= PROBLEM DESCRIPTION =
Your copy should begin at the line containing "50012 — CASE" and end at the last line of the records below, matching each line exactly and leaving out pictures.

BEGIN LISTED ENTRIES

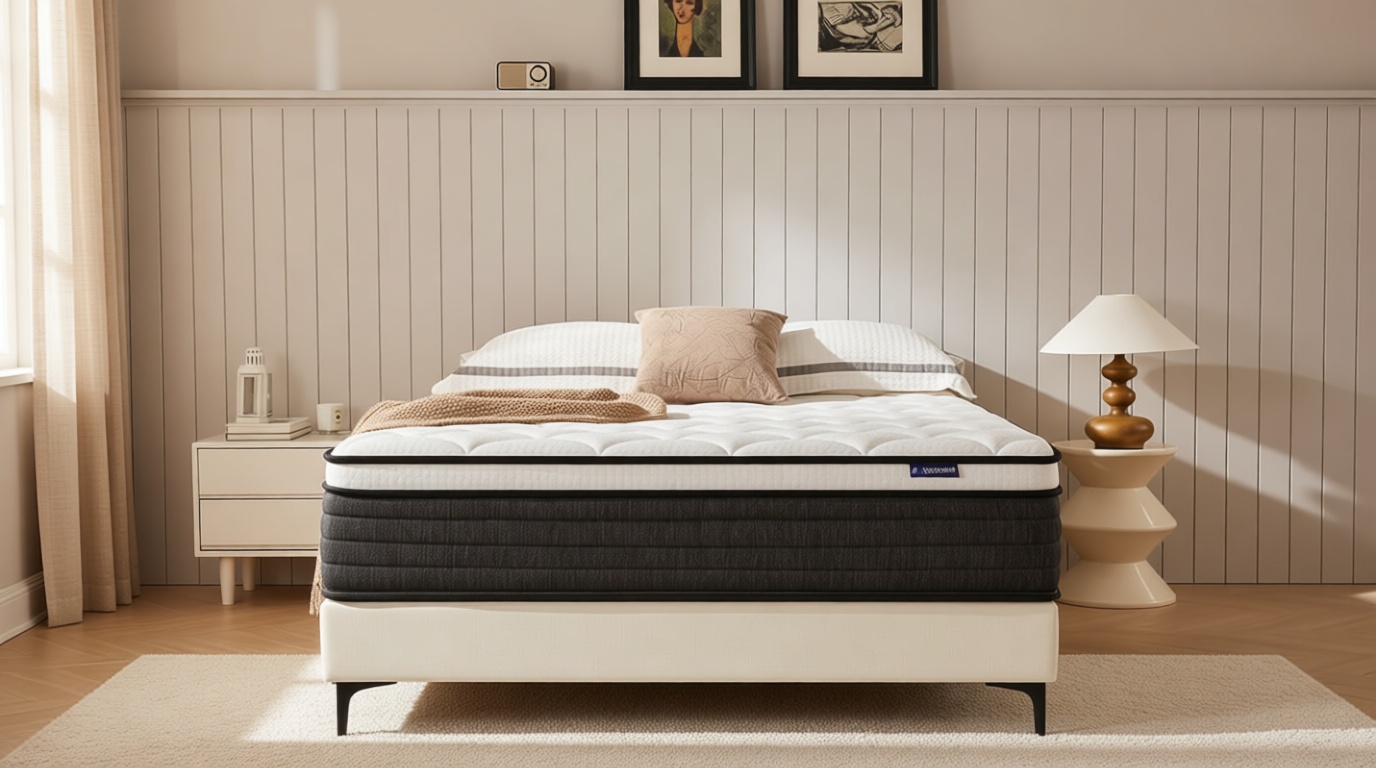 NapNest Queen Mattress 10 Inch, Hybrid Mattresses Queen Size in a Box, Medium Firm Feel Memory Foam and Individual Pocket Springs Fiberglass Free Bed Matress Breathable, CertiPUR-US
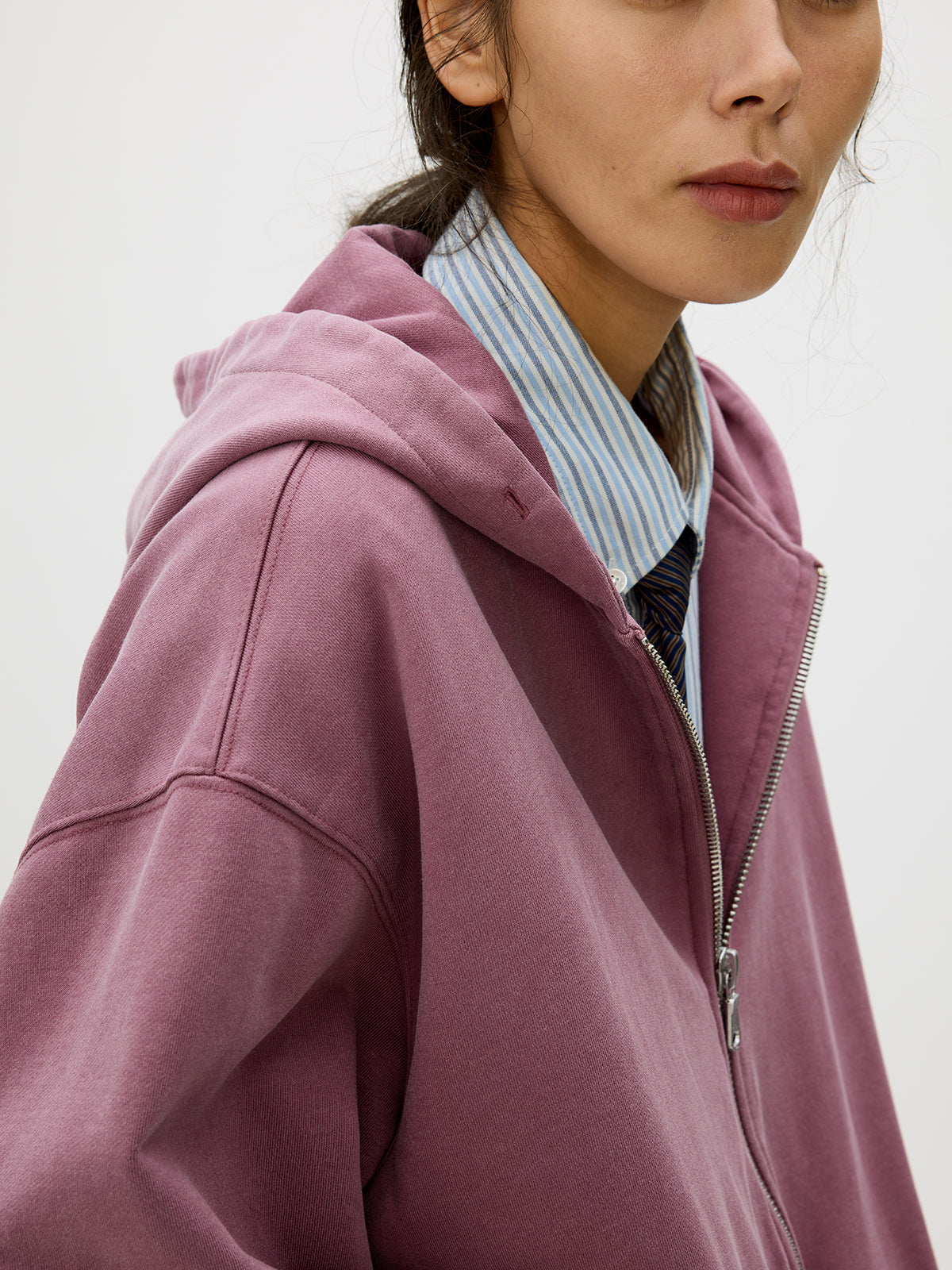 Wash-Damaged Zipper Sweatshirt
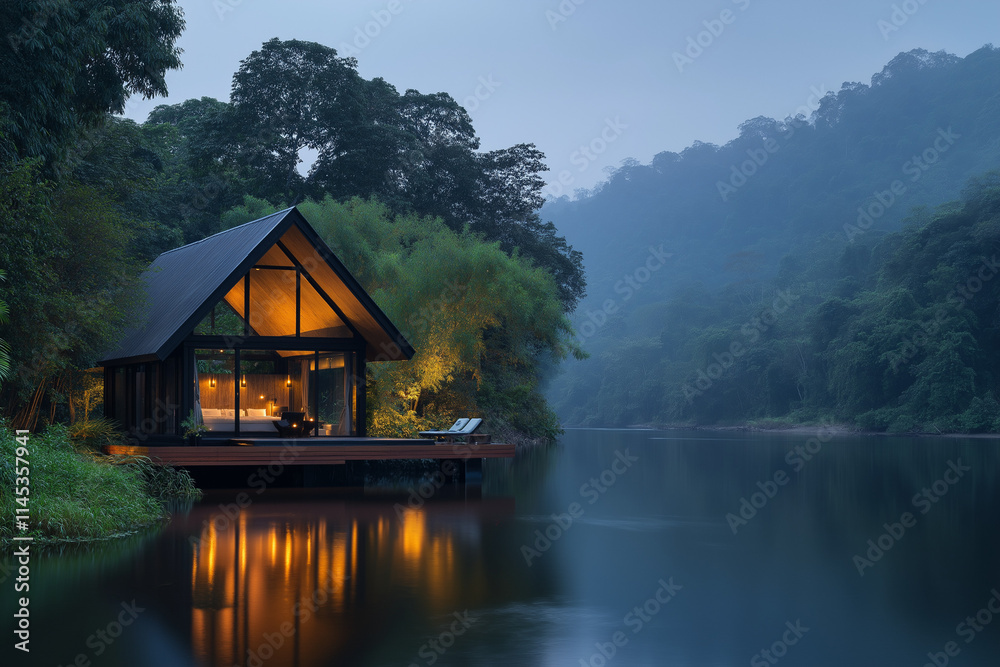 Fototapeta premium Secluded Serenity: A modern cabin nestled on a tranquil lake, bathed in the soft glow of twilight, offers a sanctuary from the hustle and bustle.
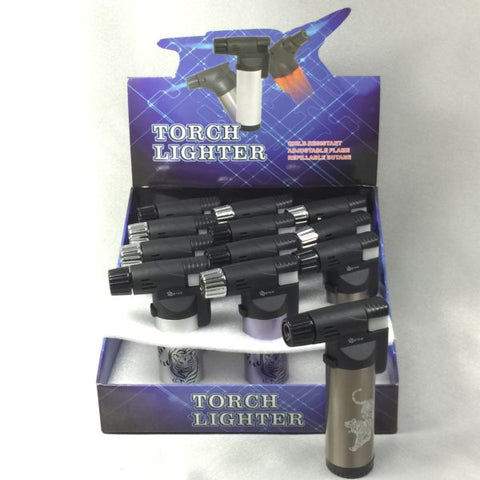 50012 — CASE OF 12 ASSORTED COLOR & DESIGN TORCH LIGHTERS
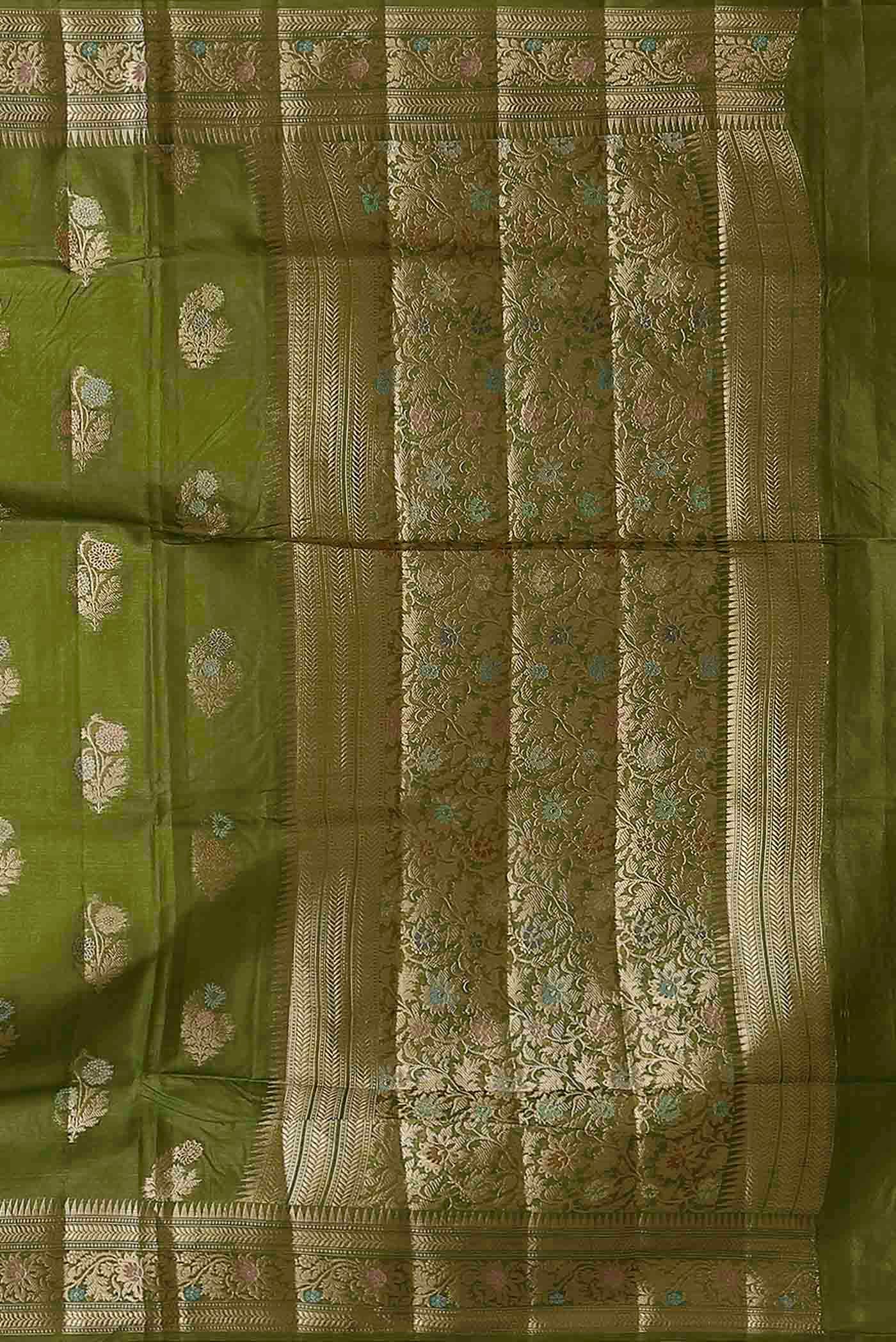 Green Banarasi Raw Silk Saree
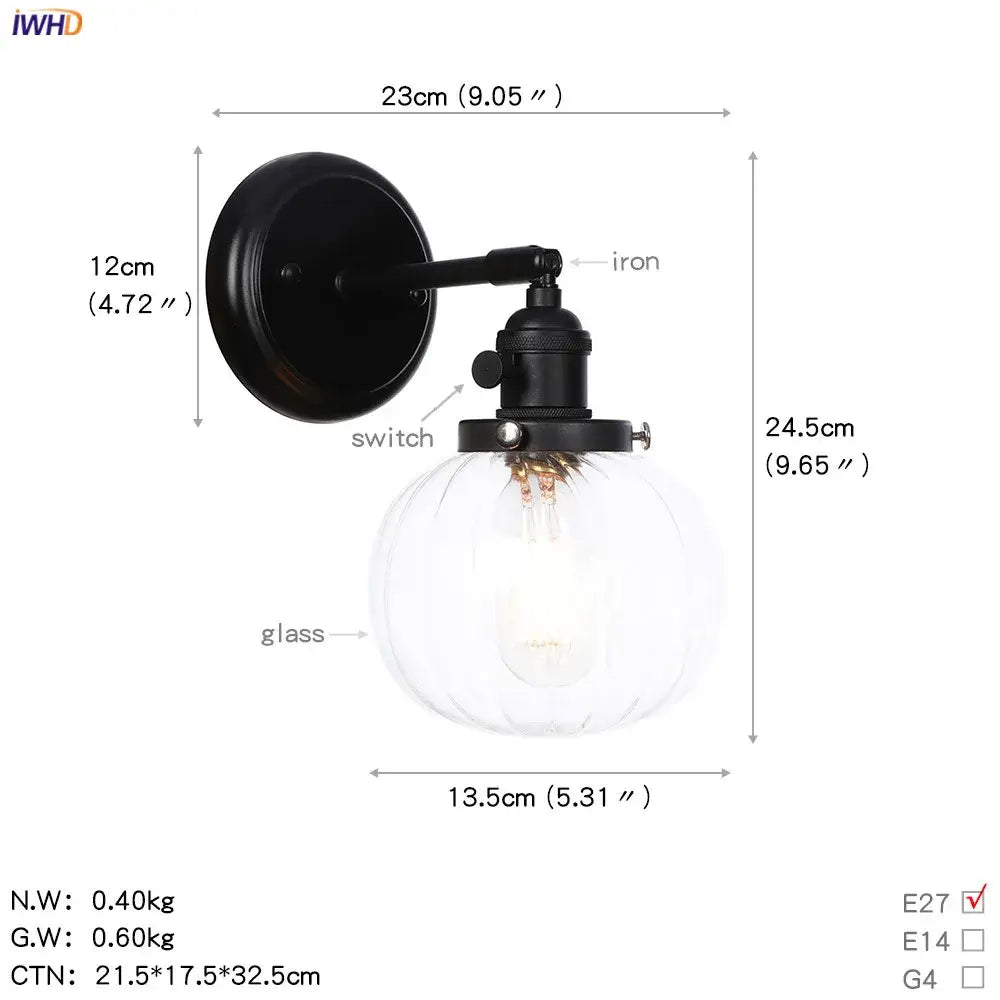Modern black smoked glass ball wall sconce hallway light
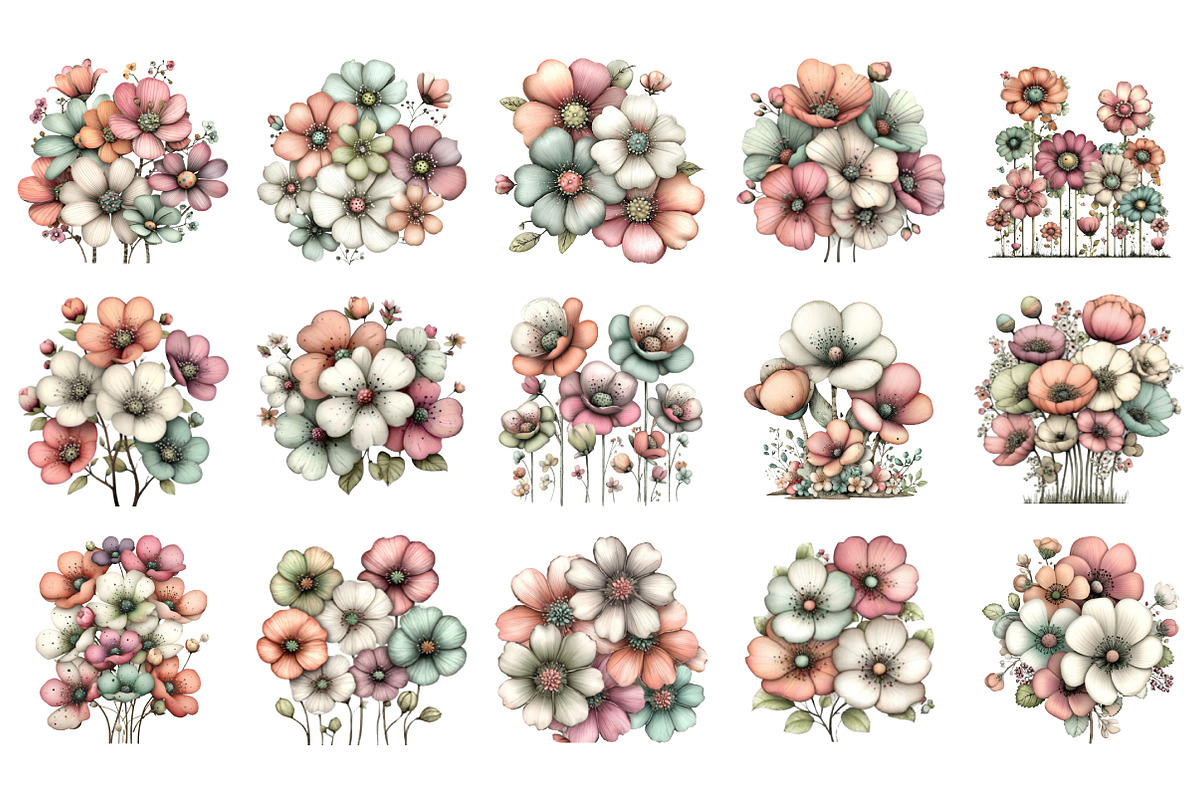 Whimsical spring flowers clipart, an Illustration by SinaCreation (Photo 2 of 11)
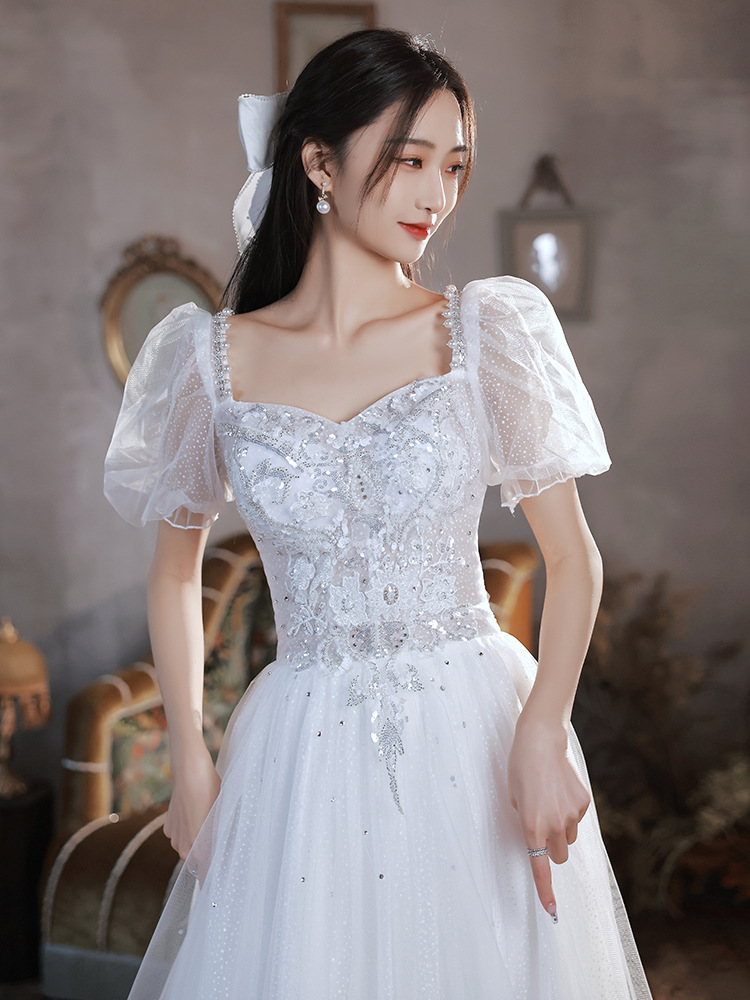 白色晚礼服女夏季2022新款气质仙女生日宴会仙气公主蓬蓬裙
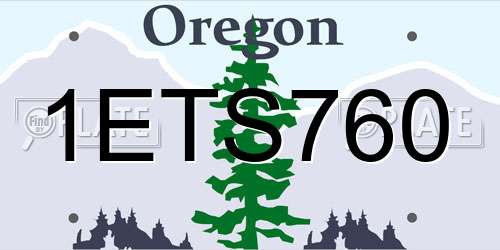1ETS760 Oregon License Plate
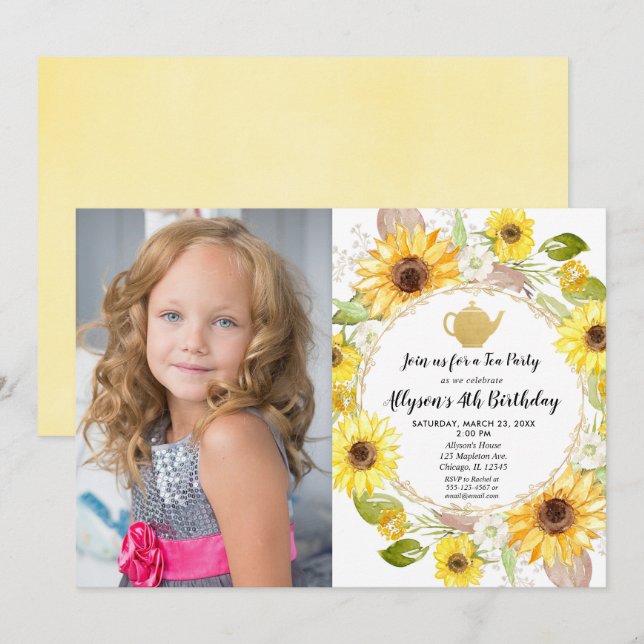 Invitation Tea party anniversaire fleuri de tournesol blanc j (Devant / Derrière)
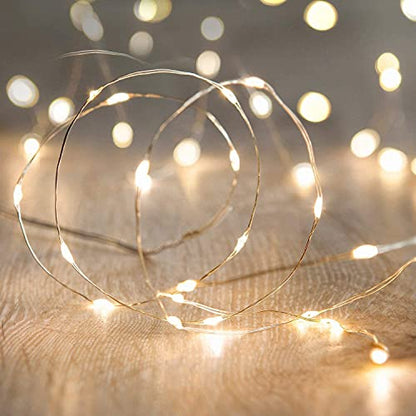 ANJAYLIA Battery Operated Fairy String Lights, 26Ft 80 LEDs, Warm White - color: Warm White 1 Pack 80 LED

END LISTED ENTRIES

= THE ANSWER =
 50012 — CASE OF 12 ASSORTED COLOR & DESIGN TORCH LIGHTERS
 Green Banarasi Raw Silk Saree
Modern black smoked glass ball wall sconce hallway light
 Whimsical spring flowers clipart, an Illustration by SinaCreation (Photo 2 of 11)
 白色晚礼服女夏季2022新款气质仙女生日宴会仙气公主蓬蓬裙
1ETS760 Oregon License Plate
 Invitation Tea party anniversaire fleuri de tournesol blanc j (Devant / Derrière)
 ANJAYLIA Battery Operated Fairy String Lights, 26Ft 80 LEDs, Warm White - color: Warm White 1 Pack 80 LED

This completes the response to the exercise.